I would like to see some areas of camden follow this lead rather than having waste on the streets. They should follow places like bristol which put those big bins on the end of the street in an area, doesn't look unsightly and then each house/flat gets a key to the bins. They are emptied once a day and twice on weekends and then there are no issues with putting waste out at incorrect times or stuff starting to smell.
Obviously in most new builds these bins are placed in the basement or ground floor which helps, but i would like to see these provided for old builds too on street corners.
Thanks for all your comment so far.
Are all the things you want collected? And are they picked up from your door or do you have a different set up? How well does that work?
The bins are in a gated car park. This causes issues with access for the council refuse collectors if the housing association doesn't provide them with the access code or a dongle. It doesn't work very well because of this.
My first flat had great recycling bins (the proper ones where you put the items through a slot and it stops people shoving general waste bags in). The recycling bins were in a separate place to the general waste bins which helped.
My current flat that I've lived in for about 5 years has terrible recycling facilities. The proper recycling bins were never provided (it was a new build) and thus people just chuck all their general waste in with the recycling, contaminating all of it.
The bins are all stored together within a gated car park and this causes problems for the council with access.
I have found this incredibly frustrating and demoralising. I've complained to the council and the housing association several times about it but they both pass the buck saying each other needs to sort out the problem.

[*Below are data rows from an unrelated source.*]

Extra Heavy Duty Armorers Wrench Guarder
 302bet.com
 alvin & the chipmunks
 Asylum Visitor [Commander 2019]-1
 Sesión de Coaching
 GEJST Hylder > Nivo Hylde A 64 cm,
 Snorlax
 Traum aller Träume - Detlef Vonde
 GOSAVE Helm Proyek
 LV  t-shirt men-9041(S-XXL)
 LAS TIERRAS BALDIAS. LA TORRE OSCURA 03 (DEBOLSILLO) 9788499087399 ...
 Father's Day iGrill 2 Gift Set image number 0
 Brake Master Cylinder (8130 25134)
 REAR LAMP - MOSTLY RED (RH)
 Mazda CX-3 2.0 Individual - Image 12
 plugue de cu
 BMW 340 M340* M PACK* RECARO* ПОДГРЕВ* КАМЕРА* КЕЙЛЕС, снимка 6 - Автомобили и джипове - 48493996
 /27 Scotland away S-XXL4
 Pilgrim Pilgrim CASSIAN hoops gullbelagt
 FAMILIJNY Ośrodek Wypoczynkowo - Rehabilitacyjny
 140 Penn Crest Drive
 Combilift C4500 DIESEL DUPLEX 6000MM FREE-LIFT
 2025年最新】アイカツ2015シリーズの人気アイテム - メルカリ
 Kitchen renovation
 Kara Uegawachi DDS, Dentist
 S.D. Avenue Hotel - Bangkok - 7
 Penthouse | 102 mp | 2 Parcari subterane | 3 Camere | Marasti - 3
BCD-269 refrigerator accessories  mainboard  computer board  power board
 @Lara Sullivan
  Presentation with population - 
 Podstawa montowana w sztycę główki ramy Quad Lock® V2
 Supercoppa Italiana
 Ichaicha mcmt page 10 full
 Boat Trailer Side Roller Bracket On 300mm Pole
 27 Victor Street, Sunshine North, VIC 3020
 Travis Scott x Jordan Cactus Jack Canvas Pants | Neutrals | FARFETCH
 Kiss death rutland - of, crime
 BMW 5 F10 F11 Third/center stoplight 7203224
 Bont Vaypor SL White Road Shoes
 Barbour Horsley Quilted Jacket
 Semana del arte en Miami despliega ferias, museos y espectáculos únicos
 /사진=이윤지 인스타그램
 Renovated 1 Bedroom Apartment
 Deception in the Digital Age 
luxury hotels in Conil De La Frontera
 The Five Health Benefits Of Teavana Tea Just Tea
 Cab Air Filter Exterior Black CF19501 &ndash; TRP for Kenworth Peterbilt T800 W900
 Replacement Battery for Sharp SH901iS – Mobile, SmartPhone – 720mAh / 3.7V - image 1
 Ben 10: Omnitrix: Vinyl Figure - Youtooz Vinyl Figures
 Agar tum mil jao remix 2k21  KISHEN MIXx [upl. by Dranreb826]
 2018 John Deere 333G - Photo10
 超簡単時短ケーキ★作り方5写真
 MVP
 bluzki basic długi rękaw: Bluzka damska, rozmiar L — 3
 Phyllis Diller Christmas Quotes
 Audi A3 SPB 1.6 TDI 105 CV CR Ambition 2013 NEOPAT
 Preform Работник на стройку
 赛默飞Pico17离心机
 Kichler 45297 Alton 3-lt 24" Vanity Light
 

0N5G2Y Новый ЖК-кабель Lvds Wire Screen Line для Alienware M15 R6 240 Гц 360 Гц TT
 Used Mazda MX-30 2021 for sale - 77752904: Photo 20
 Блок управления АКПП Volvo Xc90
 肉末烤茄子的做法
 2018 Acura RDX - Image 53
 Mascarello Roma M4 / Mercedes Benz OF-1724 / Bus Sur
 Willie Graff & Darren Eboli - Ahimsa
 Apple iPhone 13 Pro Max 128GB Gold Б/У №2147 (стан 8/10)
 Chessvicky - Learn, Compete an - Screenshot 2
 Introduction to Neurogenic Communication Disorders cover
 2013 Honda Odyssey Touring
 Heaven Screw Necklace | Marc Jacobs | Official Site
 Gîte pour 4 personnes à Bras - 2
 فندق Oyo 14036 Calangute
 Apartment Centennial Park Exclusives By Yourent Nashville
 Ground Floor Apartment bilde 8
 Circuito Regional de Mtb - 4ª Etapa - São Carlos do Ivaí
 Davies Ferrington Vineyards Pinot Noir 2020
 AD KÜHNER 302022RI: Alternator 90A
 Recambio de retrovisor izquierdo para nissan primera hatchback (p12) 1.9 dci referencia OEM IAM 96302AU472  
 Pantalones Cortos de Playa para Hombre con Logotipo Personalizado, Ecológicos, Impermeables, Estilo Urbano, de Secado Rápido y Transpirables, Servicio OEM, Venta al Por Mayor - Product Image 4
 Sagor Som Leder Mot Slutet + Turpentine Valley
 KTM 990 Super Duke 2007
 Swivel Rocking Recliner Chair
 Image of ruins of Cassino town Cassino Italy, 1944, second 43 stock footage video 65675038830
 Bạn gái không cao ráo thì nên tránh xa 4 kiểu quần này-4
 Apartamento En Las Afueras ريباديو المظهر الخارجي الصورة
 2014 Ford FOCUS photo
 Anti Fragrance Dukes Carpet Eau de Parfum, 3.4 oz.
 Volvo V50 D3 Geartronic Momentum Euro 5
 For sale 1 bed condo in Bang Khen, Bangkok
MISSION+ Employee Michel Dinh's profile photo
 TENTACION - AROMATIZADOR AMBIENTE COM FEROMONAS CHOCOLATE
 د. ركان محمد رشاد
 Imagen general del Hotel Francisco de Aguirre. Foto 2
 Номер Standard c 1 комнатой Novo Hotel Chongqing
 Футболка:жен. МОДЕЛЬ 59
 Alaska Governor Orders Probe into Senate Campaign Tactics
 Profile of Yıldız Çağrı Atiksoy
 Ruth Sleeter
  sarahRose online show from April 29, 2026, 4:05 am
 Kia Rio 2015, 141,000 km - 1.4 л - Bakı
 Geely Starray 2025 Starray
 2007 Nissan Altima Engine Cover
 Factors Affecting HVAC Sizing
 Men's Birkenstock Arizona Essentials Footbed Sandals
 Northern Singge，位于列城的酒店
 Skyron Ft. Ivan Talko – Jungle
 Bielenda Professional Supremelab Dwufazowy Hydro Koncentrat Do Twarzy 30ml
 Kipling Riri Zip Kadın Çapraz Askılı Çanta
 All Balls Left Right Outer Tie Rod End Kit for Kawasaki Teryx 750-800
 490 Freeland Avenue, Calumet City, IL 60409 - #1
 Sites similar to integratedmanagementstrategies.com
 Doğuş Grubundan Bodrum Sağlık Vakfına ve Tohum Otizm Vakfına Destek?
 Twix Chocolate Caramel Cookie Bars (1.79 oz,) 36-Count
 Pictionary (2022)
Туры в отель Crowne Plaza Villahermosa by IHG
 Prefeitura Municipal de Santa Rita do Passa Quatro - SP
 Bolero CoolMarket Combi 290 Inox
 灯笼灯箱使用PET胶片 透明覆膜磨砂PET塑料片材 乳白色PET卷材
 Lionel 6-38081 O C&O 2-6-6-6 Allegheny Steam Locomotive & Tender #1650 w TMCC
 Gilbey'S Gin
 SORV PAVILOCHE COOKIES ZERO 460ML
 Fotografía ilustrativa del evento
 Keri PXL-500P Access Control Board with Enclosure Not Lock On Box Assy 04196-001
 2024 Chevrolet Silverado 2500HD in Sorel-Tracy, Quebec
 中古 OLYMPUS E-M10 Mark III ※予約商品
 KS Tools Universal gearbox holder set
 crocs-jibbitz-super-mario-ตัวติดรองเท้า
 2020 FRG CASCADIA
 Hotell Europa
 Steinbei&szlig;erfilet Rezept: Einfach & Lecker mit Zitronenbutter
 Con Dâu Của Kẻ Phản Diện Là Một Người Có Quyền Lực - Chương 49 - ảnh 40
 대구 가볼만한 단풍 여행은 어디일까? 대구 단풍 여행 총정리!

I take my recycling to a mixed recycling bin elsewhere but that's on,y because I feel strongly about it. I should have access to a proper bin where I live.
Food waste is collected in a food waste bin but this is frequently full causing issues with vermin.
My block of flats in Brent has not been given the proper recycling bins either so all the rubbish is a total mess and just gets taken as general waste. Really frustrating for those of us who want to recycle and feel strongly about it. One type of Recycling bin for flats should be mandatory and councils should be made accountable, after all we pay council tax at high rates.
When I recently contacted Brent Council about our inadequate bins at my block of flats, I was told via email that I could pick up stickers for them from the Civic Centre!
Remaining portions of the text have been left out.